F. Laborde - D'abord un mot sur la situation internationale : ce qui se passe en Israël, en dépit des demandes de plus en plus pressantes du président G. Bush - A. Sharon déclare qu'il faut "finir le travail", pour employer son expression, et il y avait encore des combats ce matin autour de la Basilique de la Nativité à Bethléem -, cela veut dire que plus personne ne peut faire pression sur Israël ?
- "Cela veut dire qu'en tout cas, les acteurs qui sont pour l'instant sur la scène, ne sont pas suffisamment forts pourtant les Etats-Unis sont une grande puissance, mais je pense que les Etats-Unis sont trop seuls.
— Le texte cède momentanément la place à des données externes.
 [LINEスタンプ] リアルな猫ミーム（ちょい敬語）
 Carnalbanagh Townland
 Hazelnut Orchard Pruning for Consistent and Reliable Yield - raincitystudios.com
Si l'Europe existait et faisait son travail, probablement une voix complémentaire à celle des Etats-Unis serait utile. Je suis frappé de voir ce qu'est le silence de l'Europe et je me demande pourquoi les dirigeants français, le Premier ministre et le Président de la République ne demandent pas la convocation d'urgence d'un sommet européen, que les dirigeants de l'Europe se mettent d'accord sur un message - ils ont les moyens de faire entendre ce message."
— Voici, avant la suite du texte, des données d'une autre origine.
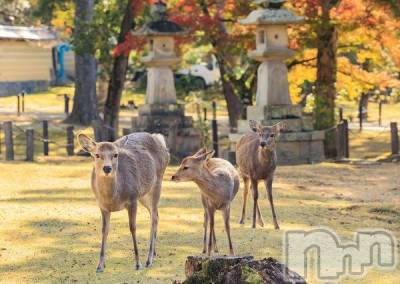 ��ë����Х��顦�����CLUB��Paladin(����֡��ѥ�ǥ���) �������11��3���̥�֥����֤ȤäƤ⵮�Ť��θ�...����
Mais il faudrait quoi, par exemple ? Quand le président en exercice de l'Union européenne, M. Aznar, qui dit qu'il était prêt à aller en Israël, il aurait fallu que J. Chirac dise : "Eh bien, d'accord je vous accompagne", que L. Jospin dise ... ?
- "Il aurait fallu que tous les dirigeants européens disent : "Nous le soutenons". Et s'ils l'avaient dit, les choses auraient été différentes. Il y a en Europe des liens si forts avec le Proche Orient, les deux belligérants, côté arabe, côté palestinien et côté israélien, il y a des liens si forts, que naturellement, la parole d'une Europe qui s'entendrait serait forcément plus entendue."
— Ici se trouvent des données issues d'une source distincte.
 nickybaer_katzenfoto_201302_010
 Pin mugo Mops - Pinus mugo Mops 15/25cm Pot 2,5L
C'est l'effet de la campagne présidentielle, à votre avis, qui fait qu'effectivement, les deux candidats Chirac et Jospin sont en la matière un peu prudents, pour ne pas s'aliéner peut-être une partie de l'électorat en France ?
- "Oui, il y a quelque chose de cela. Leur voix n'est pas entendue comme elle devrait l'être ou en tout cas, ils ne s'expriment pas comme ils devraient s'exprimer - c'est le cas aussi d'ailleurs pour la situation en France."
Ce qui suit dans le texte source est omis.